What needs to be done ->
Copy the records below exactly, from the line containing "Продам комнату, 30.6 м², Зорге ул, 129/1" through the last line, and leave out every picture.

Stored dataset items
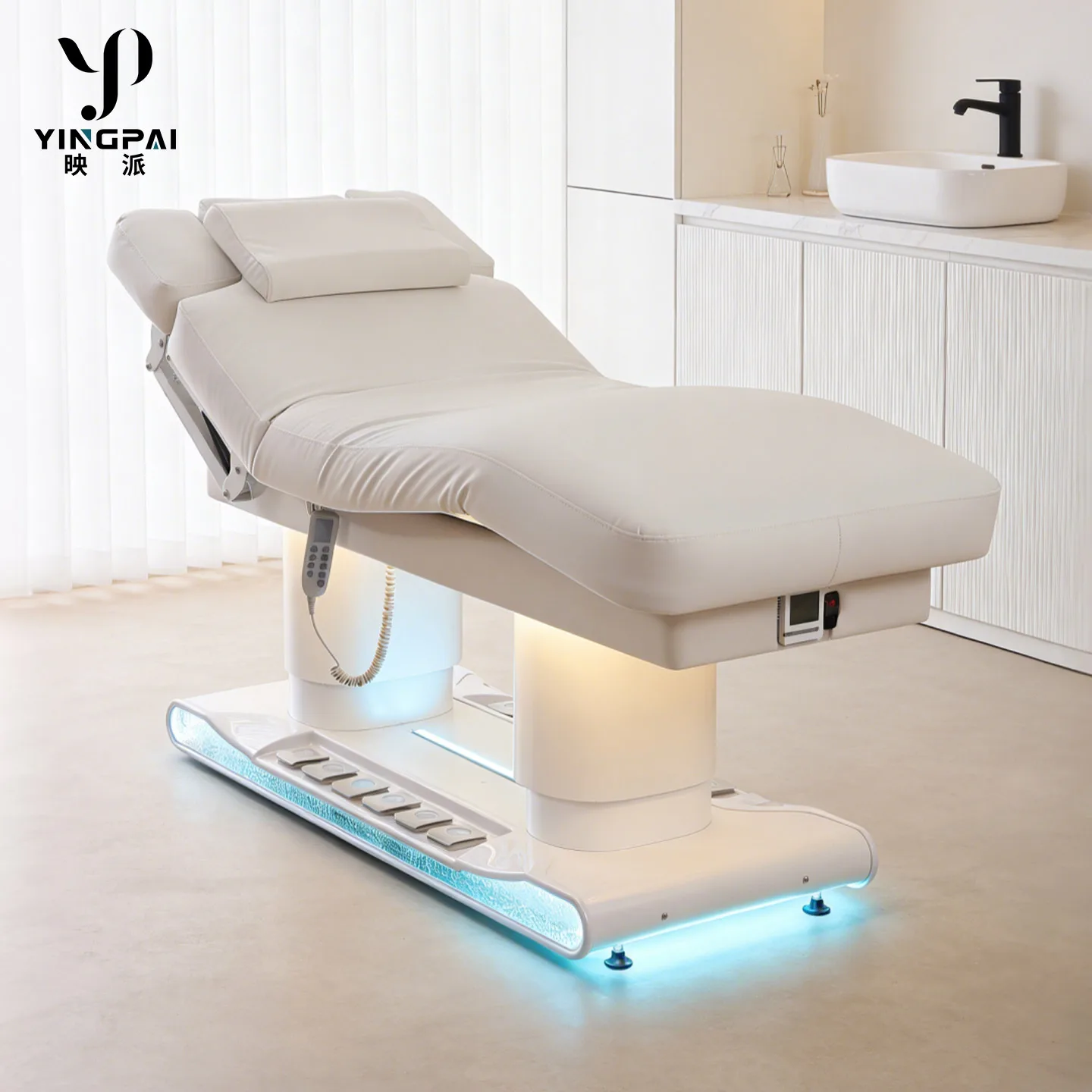 Luxury 4 Motors Adjustable Electric Beauty Bed 3 Section Heated Treatment Table Gym Spa Facial Massage Couch Foot Control
Luxury 4 Motors Adjustable Electric Beauty Bed 3 Section Heated Treatment Table Gym Spa Facial Massage Couch Foot Control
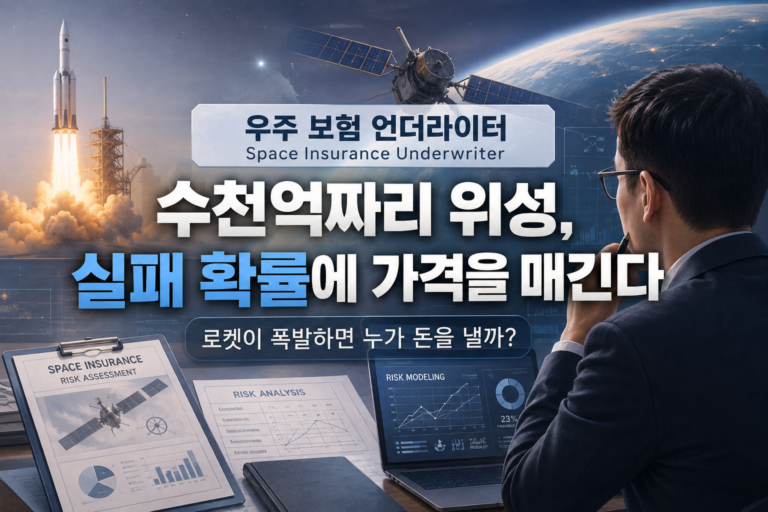 우주 보험 언더라이터, 수천억 원짜리 위성의 실패 확률을 계산하는 직업 1 우주 보험 언더라이터 썸네일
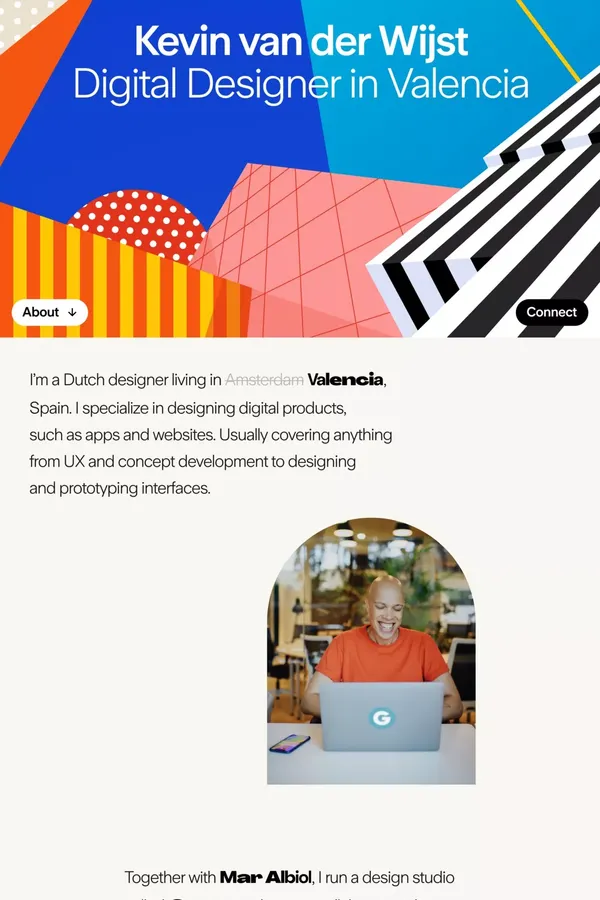 Kevin van der Wijst — Digital Designer in Valencia - Portfolio design inspiration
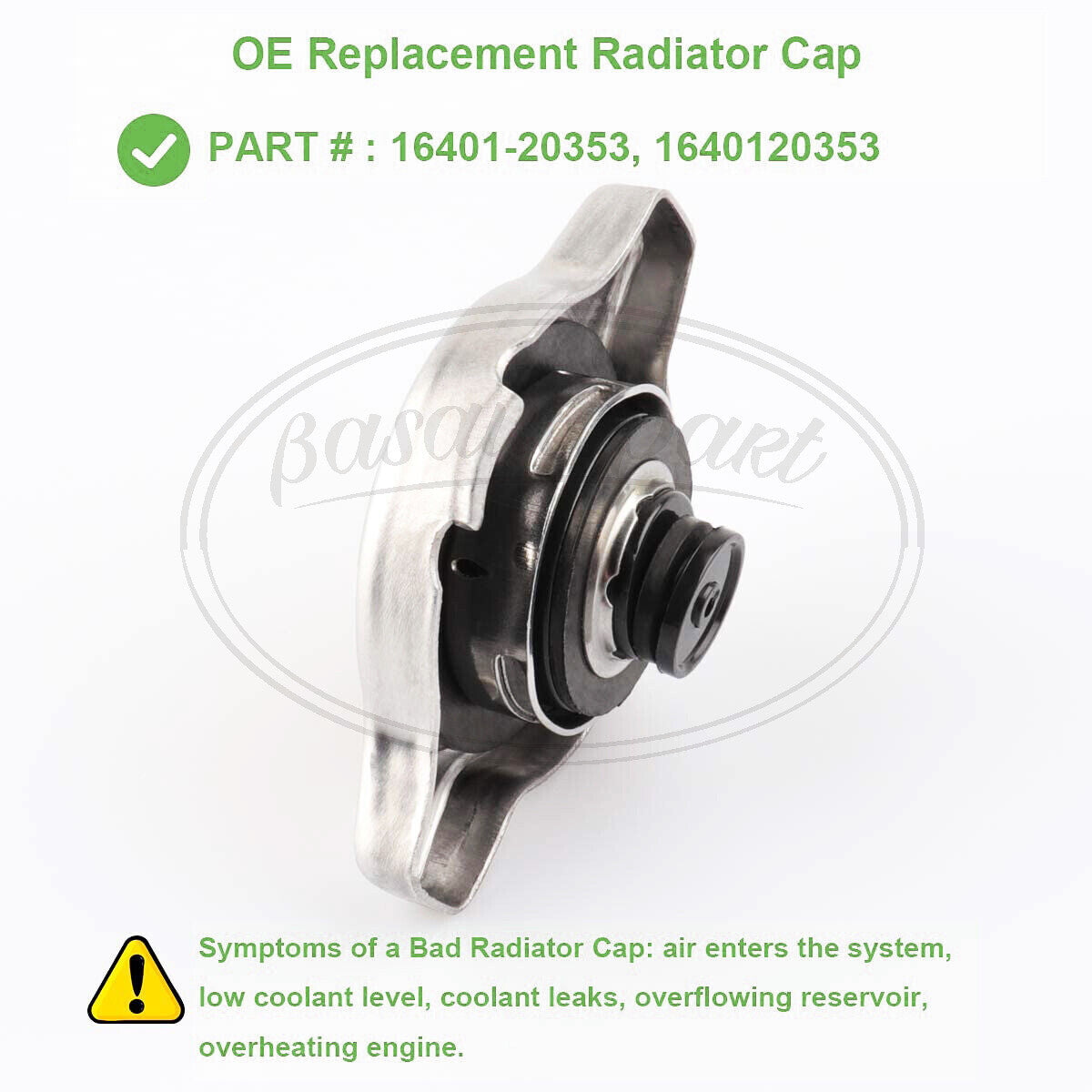 108kpa Radiator Cap for Toyota for Lexus for Camry RAV4 RX350 RX450H SC430 16401-20353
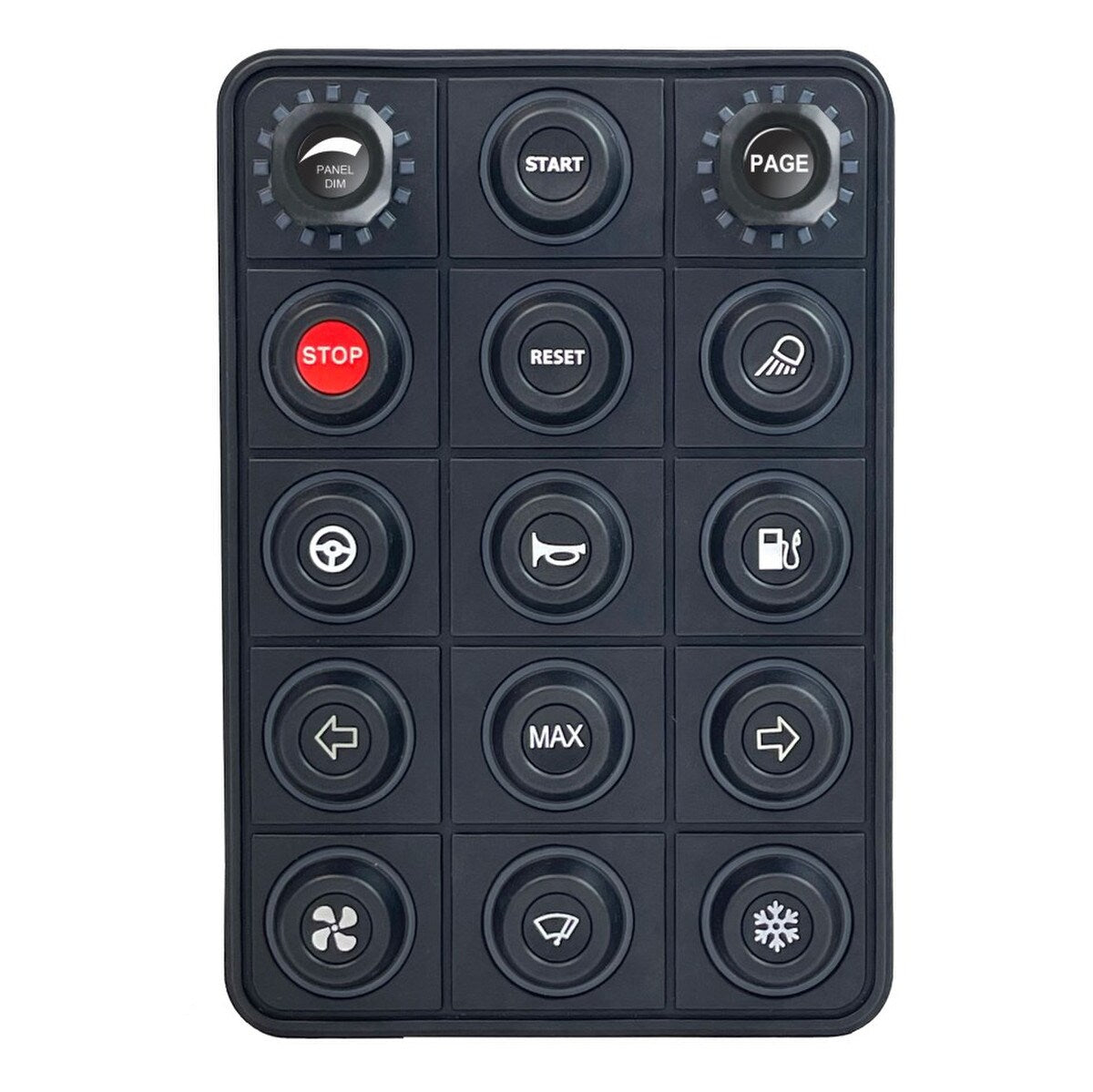 LinkECU Link CAN Keypad 15 Button + 2 Rotary Encoders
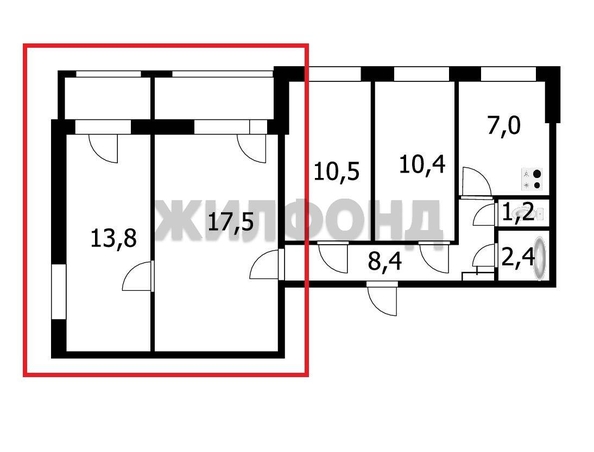 
   Продам комнату, 30.6 м², Зорге ул, 129/1

. Фото 6.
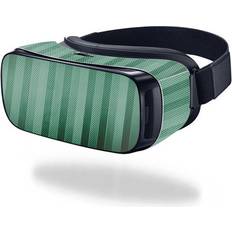 VR - Virtual Reality MightySkins Green Lines Skin Cover Wrap Sticker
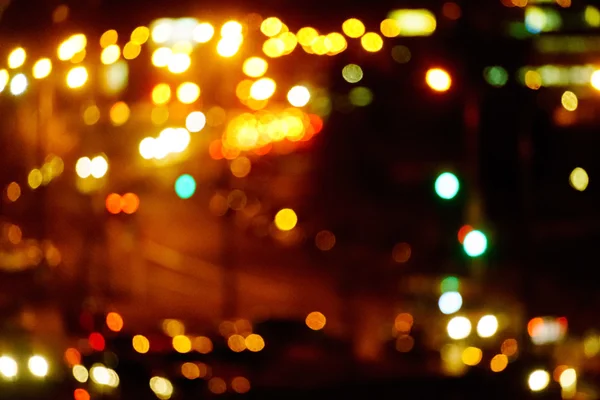 Homályos város fényei — Stock Fotó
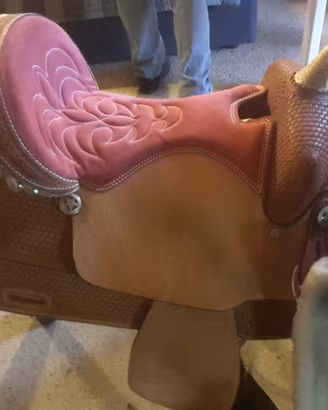 Sella western denver da barrel completa di fimenti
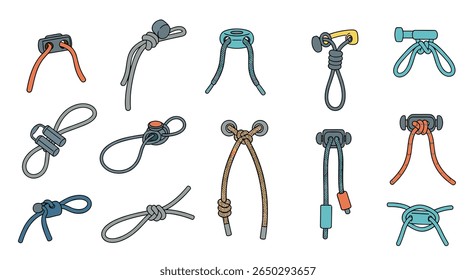 Diverso sortimento de pequenos dispositivos mecânicos e equipamentos para vários fins mostrados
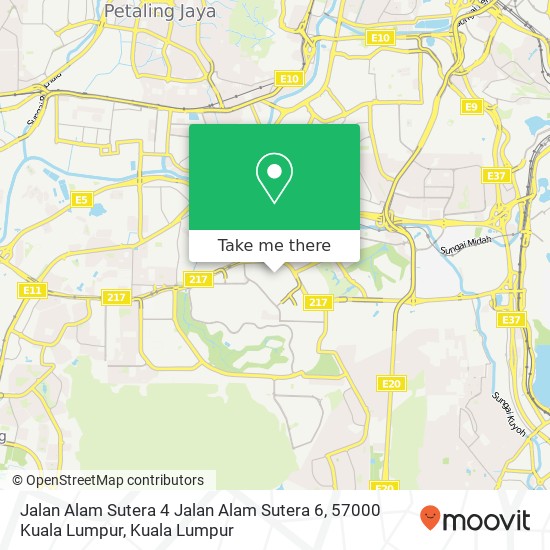 Jalan Alam Sutera 4 Jalan Alam Sutera 6, 57000 Kuala Lumpur map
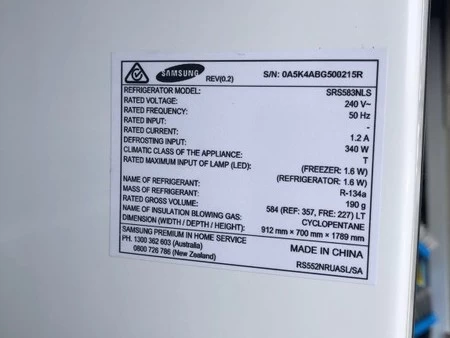 Samsung Stainless Fridge Freezer 583 litres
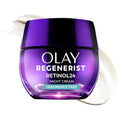 Retinol Night Cream for Women, Anti-Aging Face Moisturizer, Fragrance-Free, Non Greasy - Anti-Wrinkle, Smooth Fine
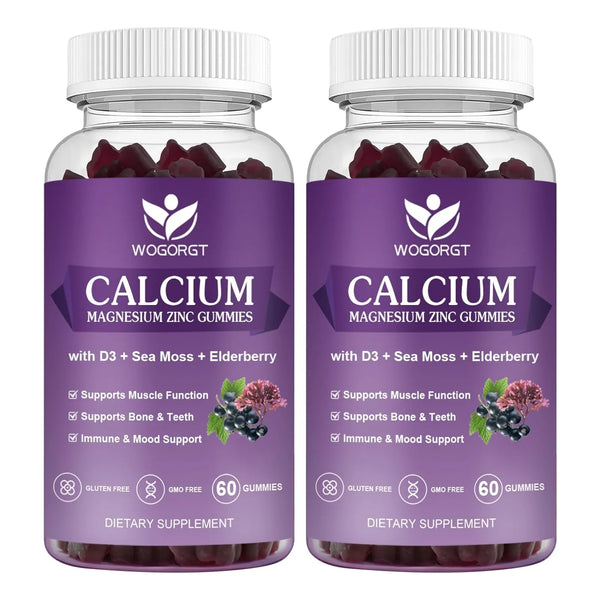 Gomitas De Calcio Magnesio Zinc Con Vitamina D3 Alta Absorci - Imagen 1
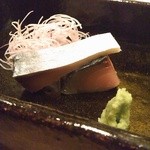 割烹・蕎麦 波と風 - 〆鯖のお造り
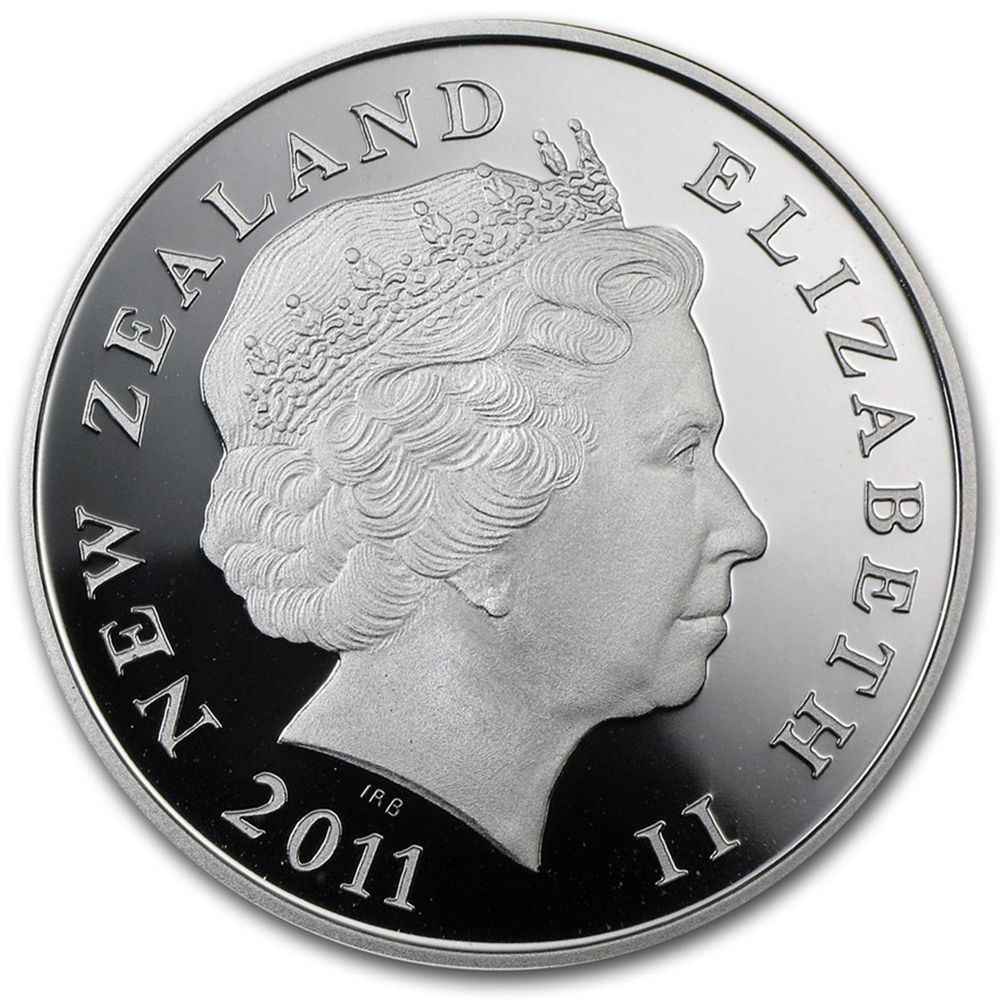 2011 1oz NZ Yellow-Eyed Penguin-2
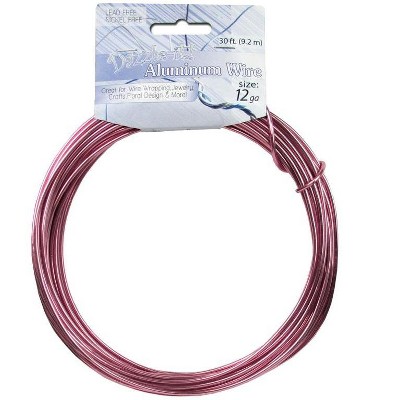 John Bead 12 Guage Rose Aluminum Jewelry Wire, 30ft
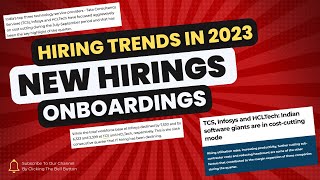 Hiring Trends in This Year  Onboarding Process  New Hirings [upl. by Onateag174]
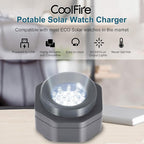 CoolFire (The Original) - USB-C UV Free Solar Watch Fast Charger for All Eco Solar Watches. Safe 24/7 Charging (No 8H Timer Needed). Reloj Hombre Solar Charger. Fits G-Shock, Citizen, Seiko, Garmin GY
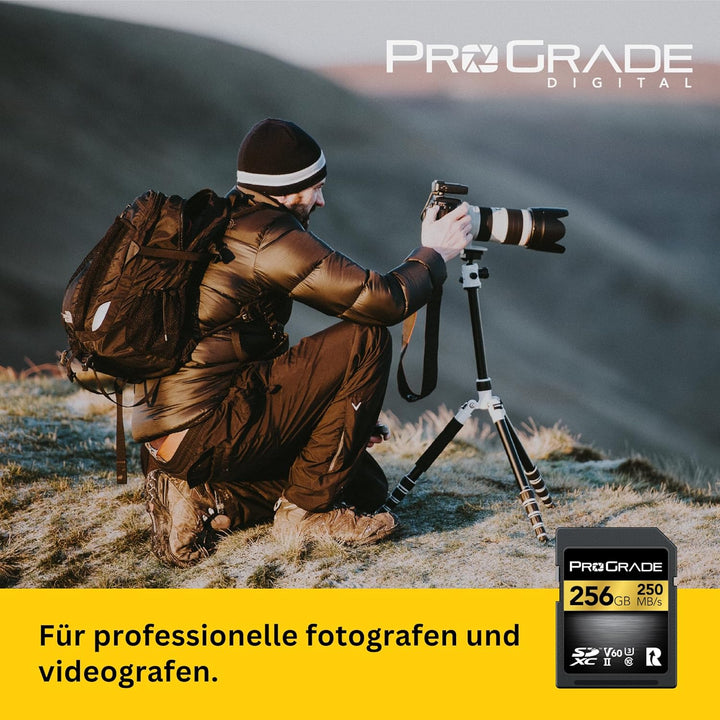 SD UHS-II 256 GB Karte V60 - Schreibgeschwindigkeit bis zu 130MB/s und Lesegeschwindigkeit von 250MB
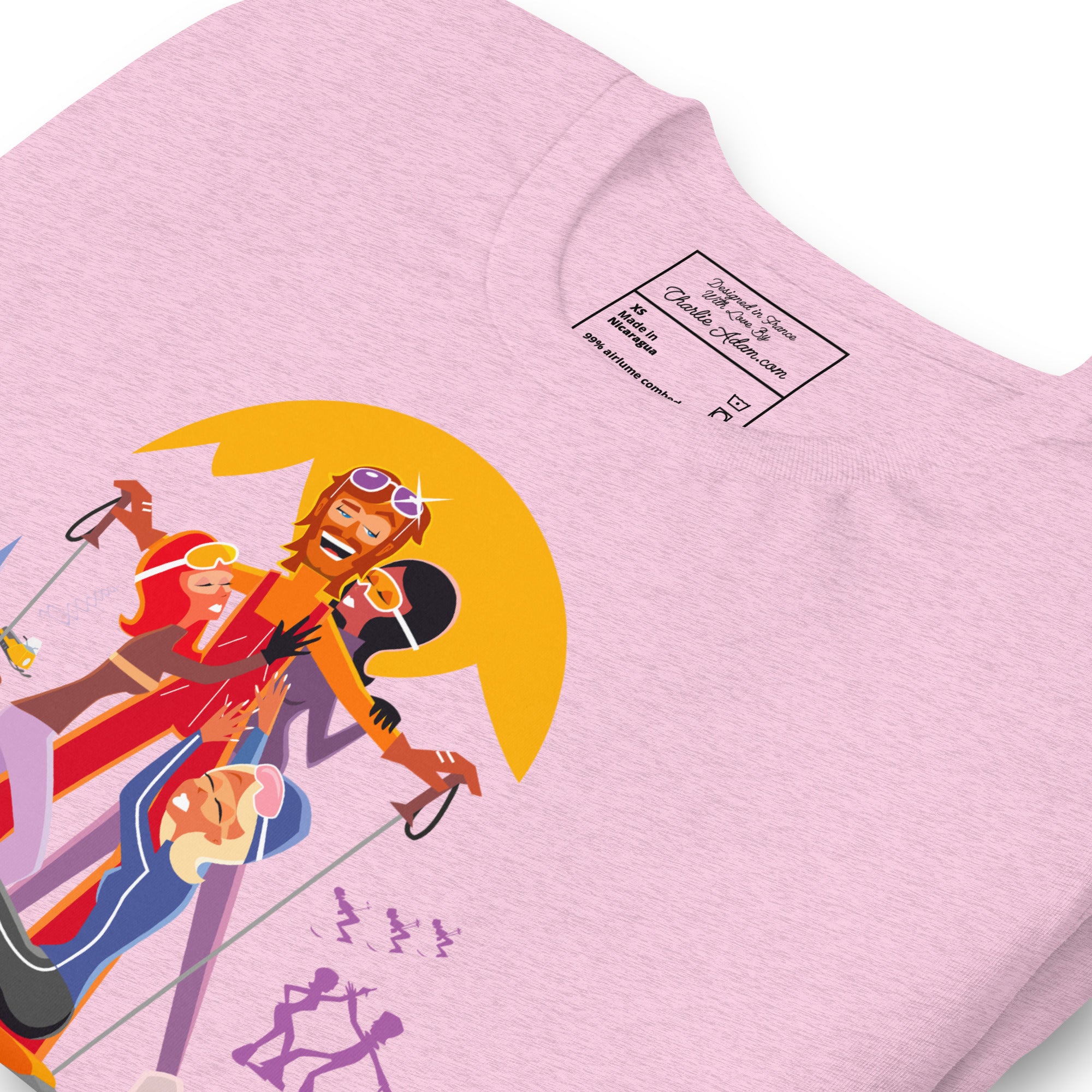 T-shirt en coton unisexe Love instructor First lesson free sur couleurs chinées claires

Result of the task ->
   Продам комнату, 30.6 м², Зорге ул, 129/1

. Фото 6.
 VR - Virtual Reality MightySkins Green Lines Skin Cover Wrap Sticker
 Homályos város fényei — Stock Fotó
 Sella western denver da barrel completa di fimenti
 Diverso sortimento de pequenos dispositivos mecânicos e equipamentos para vários fins mostrados
 Jalan Alam Sutera 4 Jalan Alam Sutera 6, 57000 Kuala Lumpur map
 Samsung Stainless Fridge Freezer 583 litres
 Retinol Night Cream for Women, Anti-Aging Face Moisturizer, Fragrance-Free, Non Greasy - Anti-Wrinkle, Smooth Fine
 Gomitas De Calcio Magnesio Zinc Con Vitamina D3 Alta Absorci - Imagen 1
 割烹・蕎麦 波と風 - 〆鯖のお造り
 2011 1oz NZ Yellow-Eyed Penguin-2
 John Bead 12 Guage Rose Aluminum Jewelry Wire, 30ft
 Hiring Trends in This Year  Onboarding Process  New Hirings [upl. by Onateag174]
 CoolFire (The Original) - USB-C UV Free Solar Watch Fast Charger for All Eco Solar Watches. Safe 24/7 Charging (No 8H Timer Needed). Reloj Hombre Solar Charger. Fits G-Shock, Citizen, Seiko, Garmin GY
 SD UHS-II 256 GB Karte V60 - Schreibgeschwindigkeit bis zu 130MB/s und Lesegeschwindigkeit von 250MB
 T-shirt en coton unisexe Love instructor First lesson free sur couleurs chinées claires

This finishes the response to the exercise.